◆ **WORK ORDER**: Copy every entry verbatim and skip the pictures.

(Pictures with short captions)
^^^^
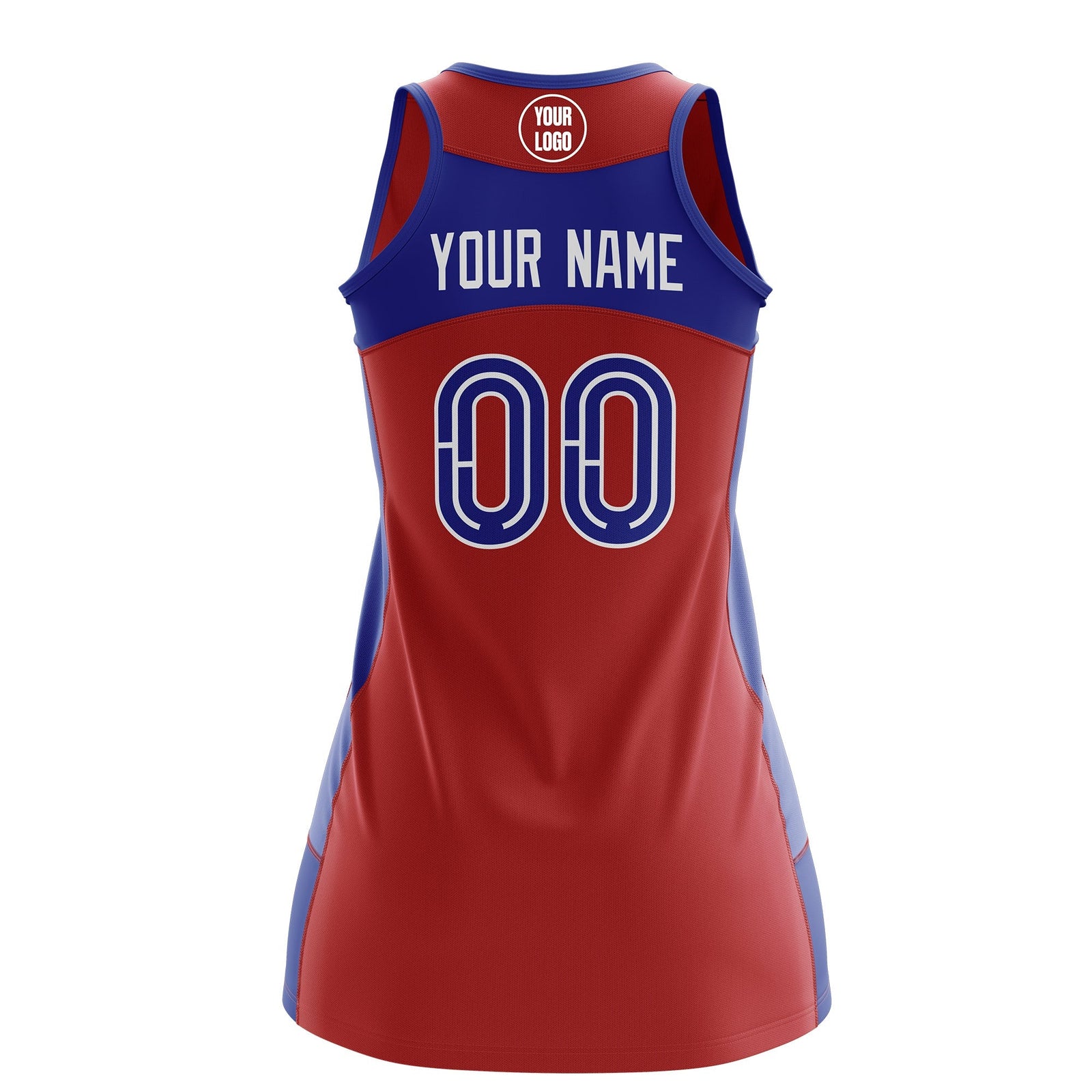 Custom Netball Dress | Red Royal Blue Classic Style Two-Tone Match Day Uniform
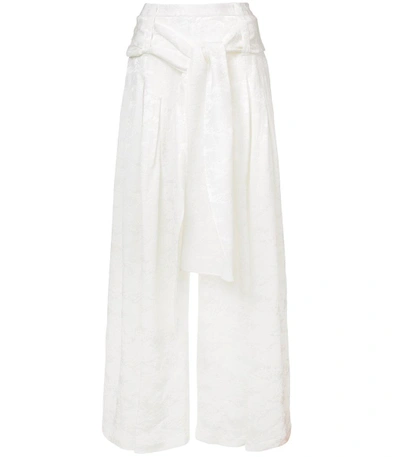 Shop Rosie Assoulin Pleated Wide Leg Trousers In Ivory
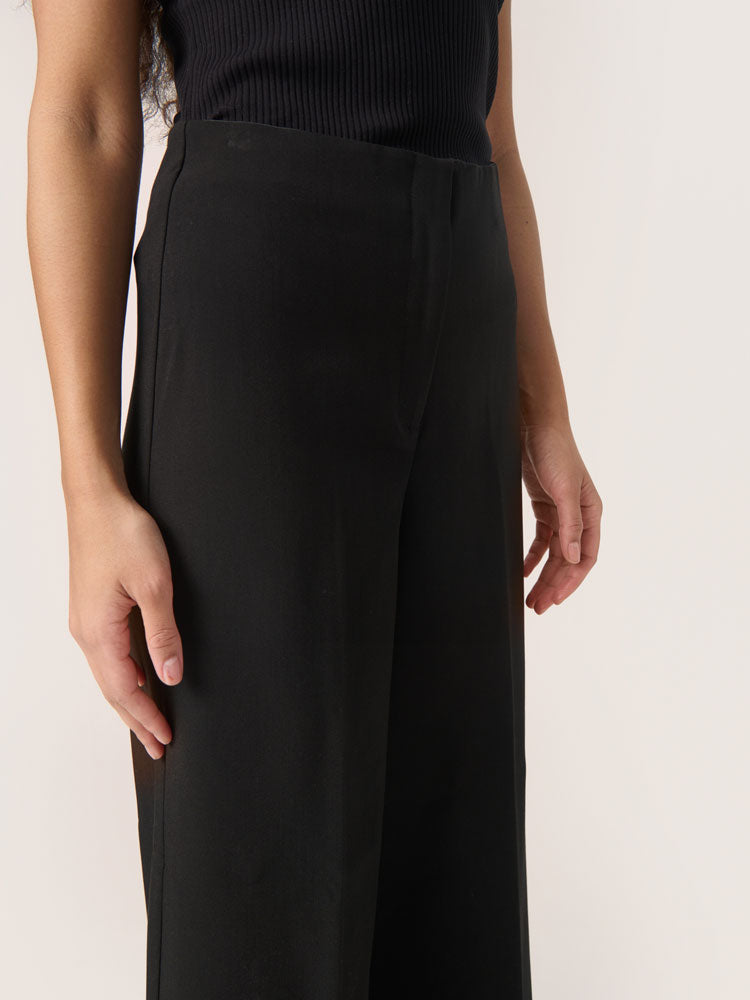 Soaked in Luxury SLCorinne Wide Cropped Trousers Black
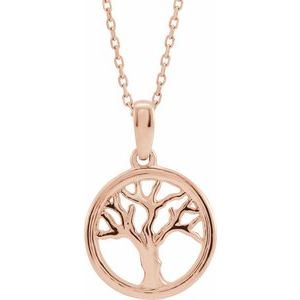 14K Rose Tree of Life 16-18" Necklace - BN & CO JEWELRY
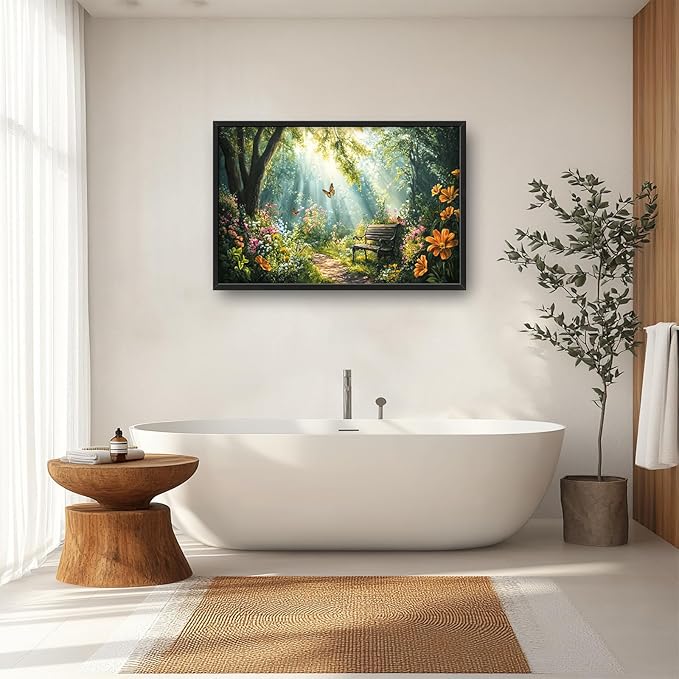 Green Forest Large Wall Art Garden Pictures Wall Decor Nature Sunlight Landscape Big Canvas Painting Prints Framed Artwork Home Decorations Above Bed for Bedroom Living Room Dining Room 36"x24"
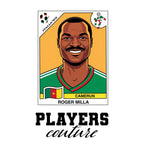 Roger Milla World Cup Sticker Men's T-Shirt – close-up detail shot of the Roger Milla Players Couture logo design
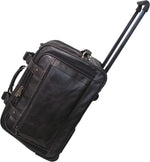 Amerileather Etta Leather Black Duffel on Wheels – Rolling Travel Bag with Classic Leather Styling and Smooth Mobility
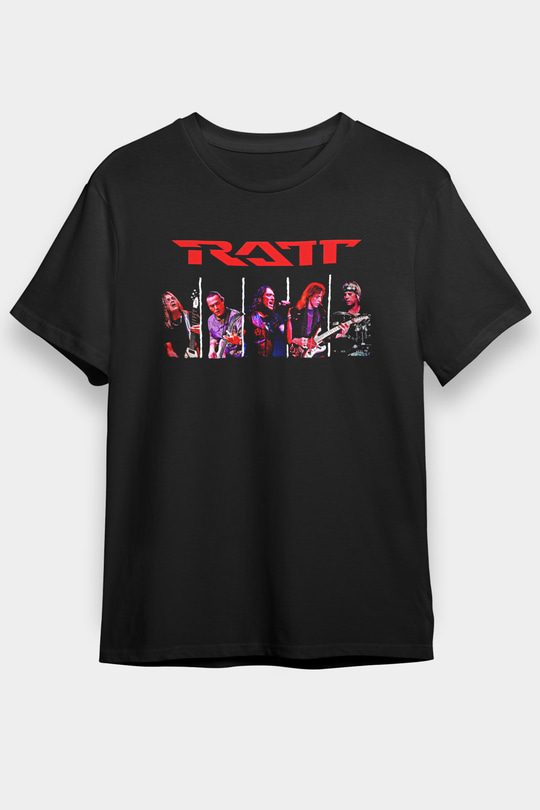 Ratt Baskılı Unisex Siyah Tişört - Tshirt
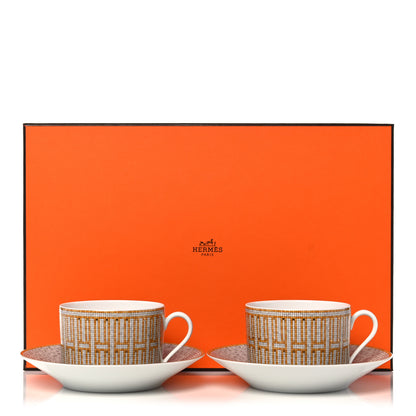 Hermes Porcelain Mosaique Au 24 Gold Breakfast Cup And Saucer Set Of 2 12 of 12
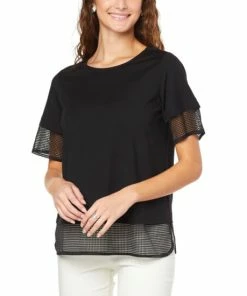 Best reviews of 🎉 MarlaWynne WynneLayers Polished Knit Mixed Media Mesh Top Black 🛒 -Outlet MarlaWynne Sales unnamed file 2257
^^^^
◆ **EXERCISE RESPONSE**:
 Custom Netball Dress | Red Royal Blue Classic Style Two-Tone Match Day Uniform
 Shop Rosie Assoulin Pleated Wide Leg Trousers In Ivory
 Soaked in Luxury SLCorinne Wide Cropped Trousers Black
 14K Rose Tree of Life 16-18" Necklace - BN & CO JEWELRY
 Green Forest Large Wall Art Garden Pictures Wall Decor Nature Sunlight Landscape Big Canvas Painting Prints Framed Artwork Home Decorations Above Bed for Bedroom Living Room Dining Room 36"x24"
 Roger Milla World Cup Sticker Men's T-Shirt – close-up detail shot of the Roger Milla Players Couture logo design
 Amerileather Etta Leather Black Duffel on Wheels – Rolling Travel Bag with Classic Leather Styling and Smooth Mobility
 Ratt Baskılı Unisex Siyah Tişört - Tshirt
 Hermes Porcelain Mosaique Au 24 Gold Breakfast Cup And Saucer Set Of 2 12 of 12
 Best reviews of 🎉 MarlaWynne WynneLayers Polished Knit Mixed Media Mesh Top Black 🛒 -Outlet MarlaWynne Sales unnamed file 2257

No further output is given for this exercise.